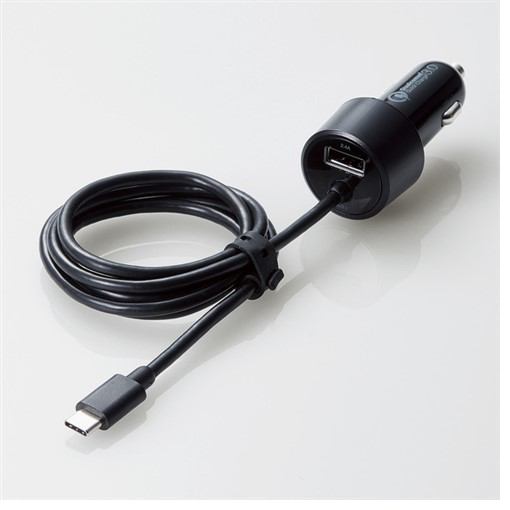 【10個セット】 エレコム MPA-CCCQ03BK 車載充電器(Quick Charge3.0・30W・Type-Cケーブル&1ポート) ブラック|むさしのメディア 店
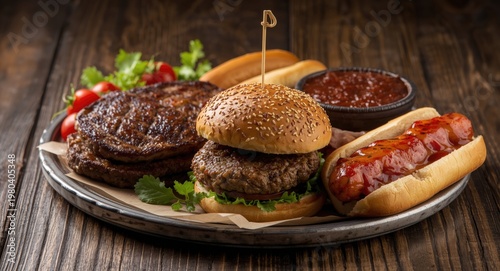 Smoked meat burgers and hot...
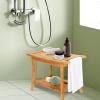 Shower Bench Stool for Inside Shower: Gnomiya 2-Tier Bamboo Shower Seat with Storage Shelf for Shaving Legs, Wood Shower Chair with Handle for Seniors Adults Disabled Women view 4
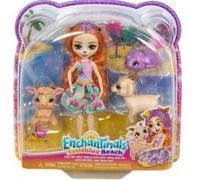 Coffret plage enchantimals - famille golita chèvre - poupee 15cm - figurines et 3 animaux - set jouet + carte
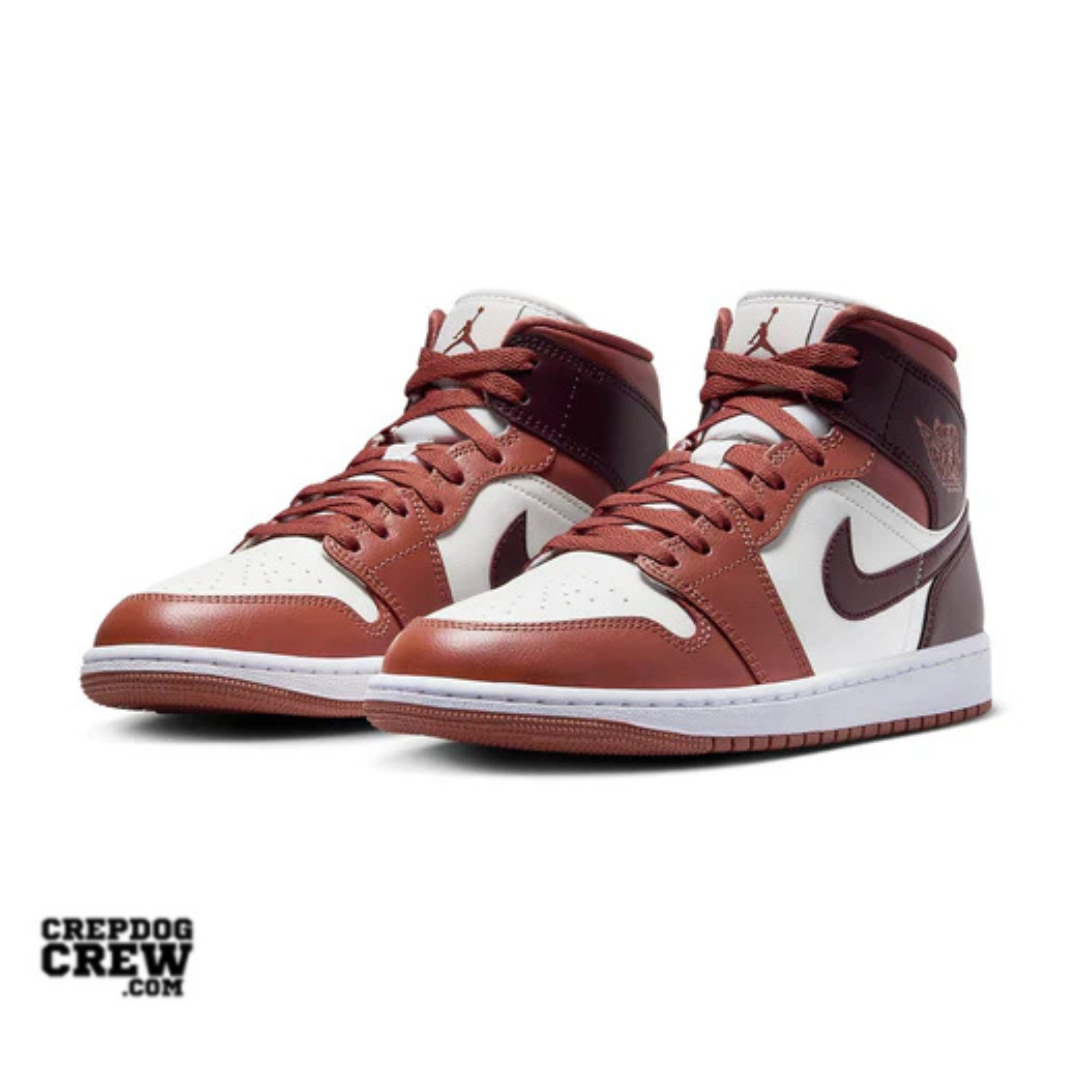 Jordan 1 Mid Dusty Peach Night Maroon (W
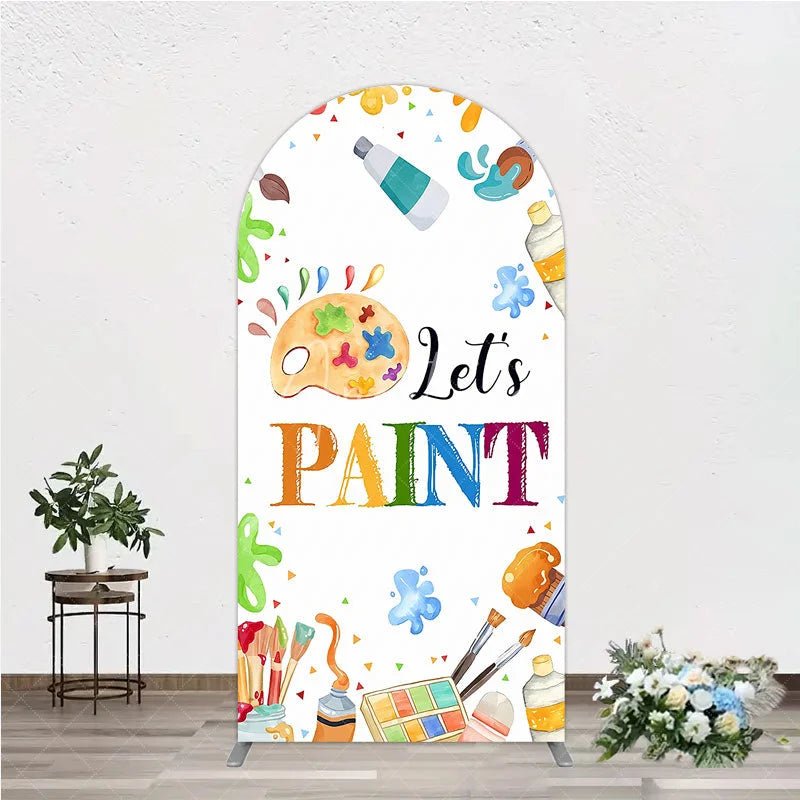 Aperturee - Aperturee Vibrant Colorful Art Painting Theme Round Top Arch Backdrop featuring Paint Brushes and Palette for Kids Birthday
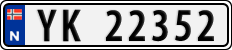 License plate of Norway, Cars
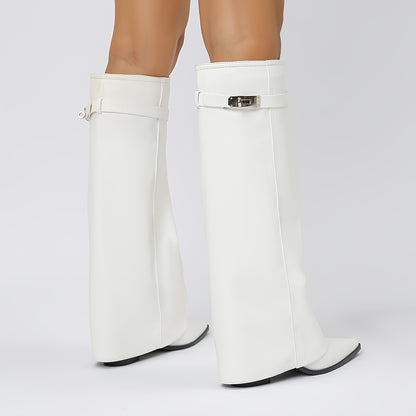 Women's Western Cowboy Boots – Chunky Heel, Pointed Toe, Buckle Detail & Slip-Resistant Sole, Stylish All-Season White Boots
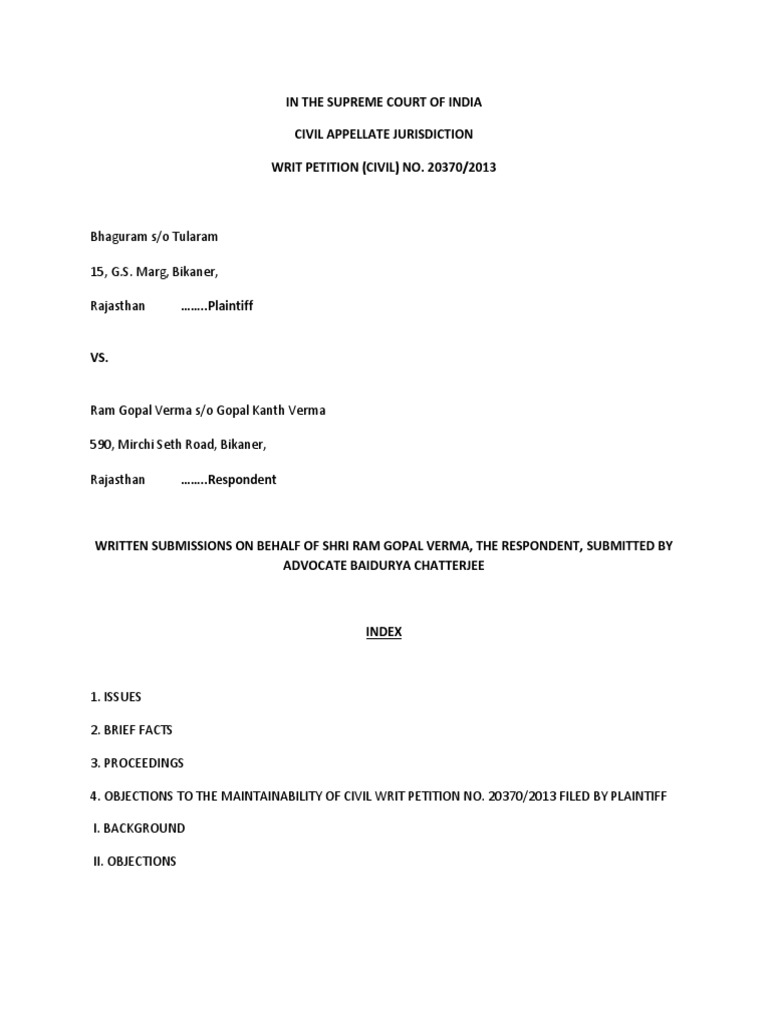 WRITTEN SUBMISSION.pdf Lawsuit Payments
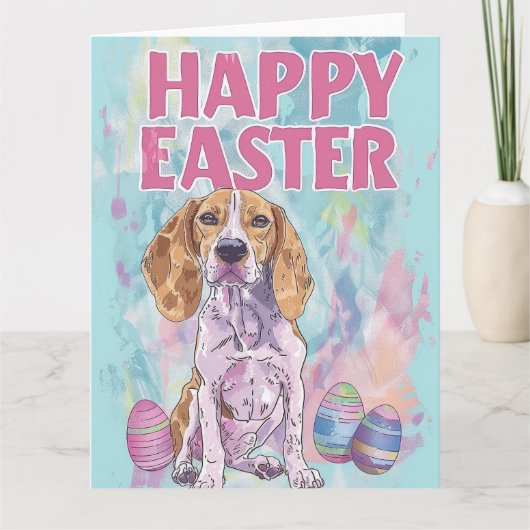 Amerikaans Engels Foxhound Happy Easter Kaart (Voorkant)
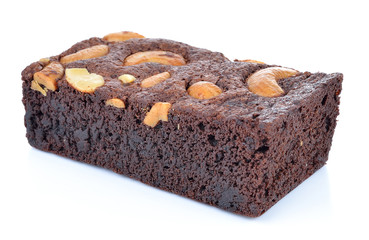 Cashew nut brownie isolated on white background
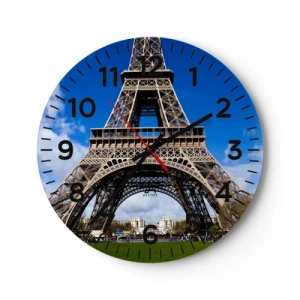 Wall clock - Clock on glass - Whole Paris at Her Feet - 40x40 cm
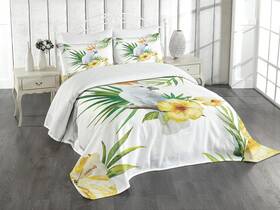 Ambesonne 313057776768 Parrot Bedspread Set Hibiscus With Bird Intelligent Mimic Animals Cre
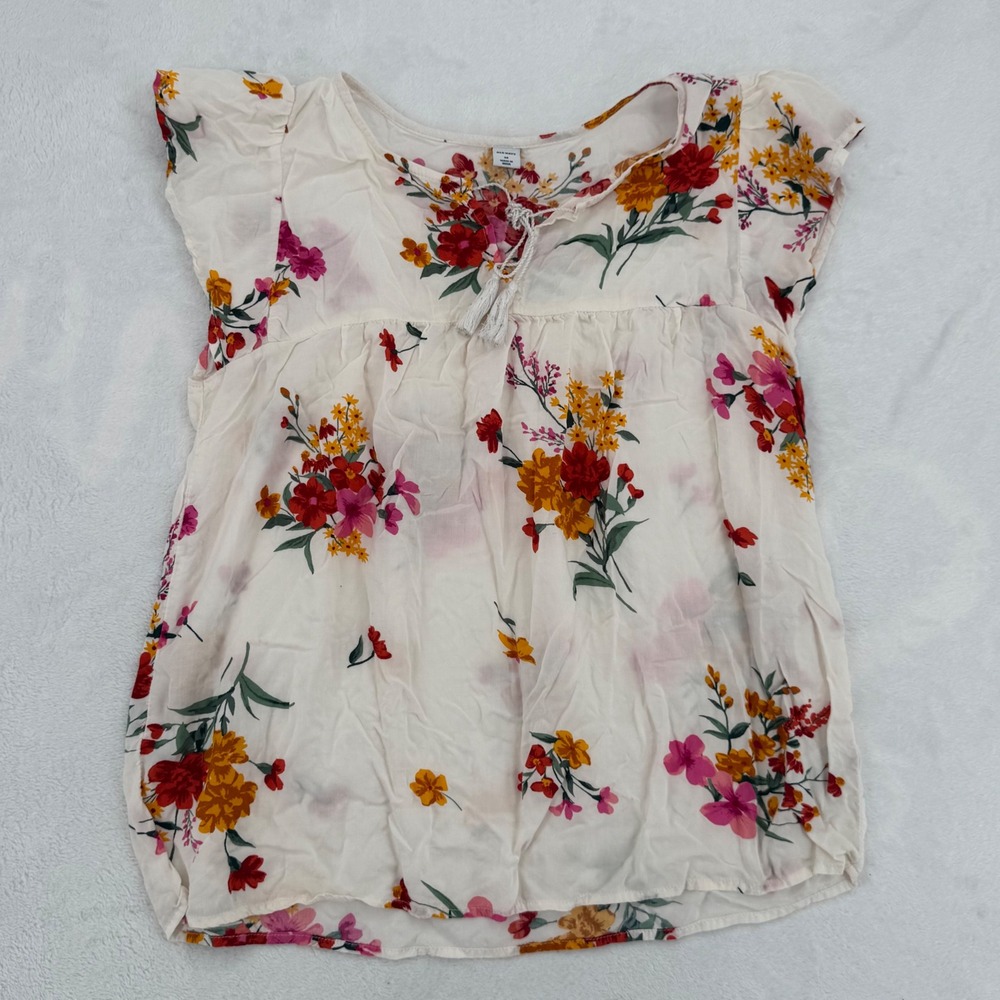 Old Navy Floral 100% Modal Boho Flutter Sleeve Tie Top Cream Size Medium Cottage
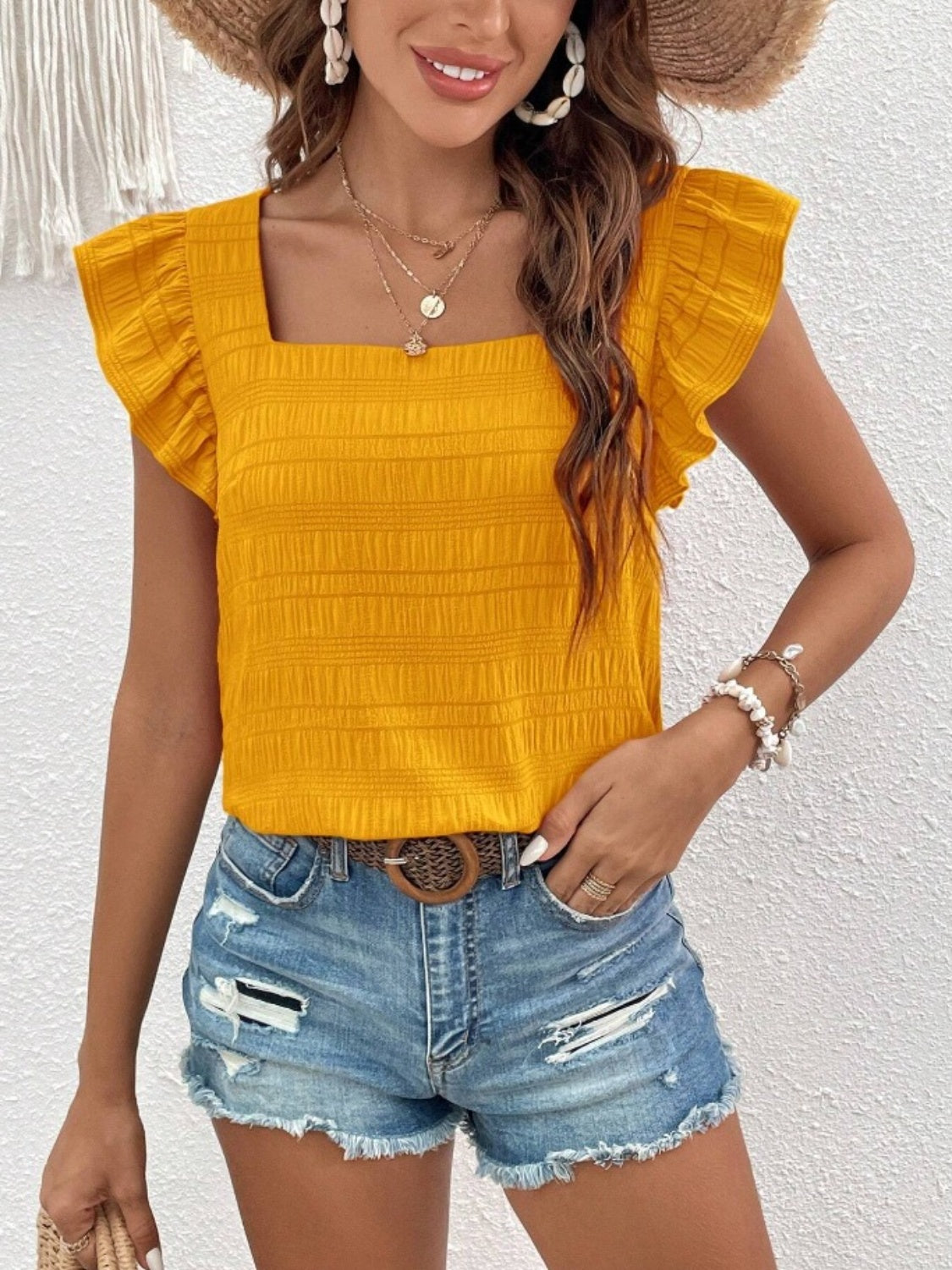 Ruffled Blouse with Square Neck & Cap Sleeve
● ● ●
## ABOUT THIS TASK
In the listing above, find the line holding "Coffret plage enchantimals" and the line holding "Jordan 1 Mid Dusty Peach Night Maroon (W". Reproduce those two lines and all between them exactly, leaving out pictures.

## TASK SOLUTION
 Coffret plage enchantimals - famille golita chèvre - poupee 15cm - figurines et 3 animaux - set jouet + carte
 Jordan 1 Mid Dusty Peach Night Maroon (W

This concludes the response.